The creative architecture was most brilliantly illuminated on the Aqua Luna sunset cruise. Our midstream voyage brought more buildings into view on both sides of the harbor and showed off the dazzling nighttime illumination: dozens of skyscrapers using lasers, LED screens and whole-building lightshows of bright pulsing colors and fantastical animated images.

View of creative Hong Kong architecture and Tamar Park | Photograph by Annie Tobey
View of creative Hong Kong architecture and Tamar Park | Photograph by Annie Tobey

A daytime cruise on a traditional sampan boat took us to Hong Kong UNESCO Global Geopark, the Sai Kung Volcanic Rock Region and surrounding sights, for a natural face of Hong Kong. Our knowledgeable guide showed us hexagonal rocks formed at the edge of the ancient caldera, as well as other natural formations, flora and fauna. Though not on our itinerary, the area also offers scuba diving, fishing and other watersports, hiking and golf. And before leaving the area, we stopped by Sai Kung Bakery for a fresh, warm, slightly sweet, crusty-on-the-outside-but-soft-on-the-inside pineapple bun.

By retreating to overnight lodging at Mandarin Oriental, I was able to rest completely, in the metaphorical lap of luxury, and better stave off jet lag. The spacious room was like a big fluffy pillow, with thoughtful touches to enhance guest experience. Relaxing there was quiet, restful and sumptuous. The extensive breakfast buffet at Clipper Lounge provided the opportunity to sample a wide array of traditional Asian foods (or continental cuisine, had my palate felt homesick).

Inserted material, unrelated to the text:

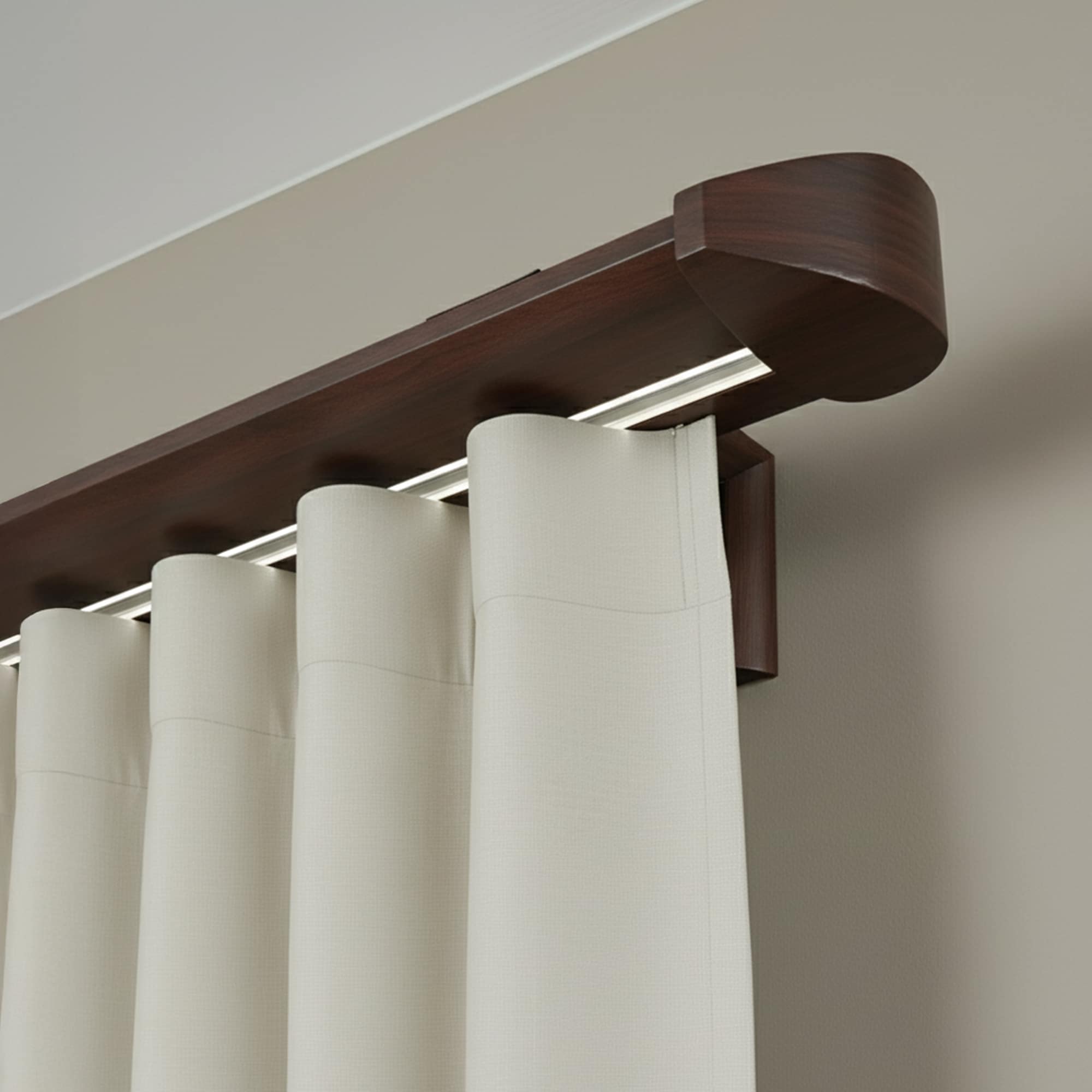 Koľajnica na záclony Siena Jednoduchá Orech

But, no, homesickness and jet lag were not among my companions, and I’m ready for a return visit.


Cathay Pacific

Cathay Pacific offers the longest nonstop air route to Hong Kong and the Washington, D.C. region, at 8,153 miles. Direct flights leave Dulles on Tuesday, Wednesday, Friday and Sunday mornings at 1:15 a.m., arriving in Hong Kong the next day at 5:10 a.m. From there, passengers can connect with every Cathay Pacific flight across Asia, including Bangkok, Singapore, Kuala Lumpur, Jakarta and more than 20 gateways in mainland China.

Mandarin Oriental, Hong Kong

In the heart of the city, Mandarin Oriental’s flagship hotel offers 501 beautiful rooms and suites combining traditional Asian elements with intelligent design and technology, and polite and oh-so-accommodating service throughout the property.

Dining opportunities are varied and abundant at the hotel: 10 options include European, Cantonese and international cuisine, three Michelin-star venues, a craft cocktail bar, 50-whiskey bar and The Mandarin Cake Shoppe. Most recommended: Michelin-rated Man Wah and cocktails at the 25th-floor M Bar (managed by Slamet Haryadi, winner of foraged-ingredients Hernö Gin Cocktail Awards 2018), overlooking the city skyline and harbor.

Other services include a spa, salon, pool and fitness center.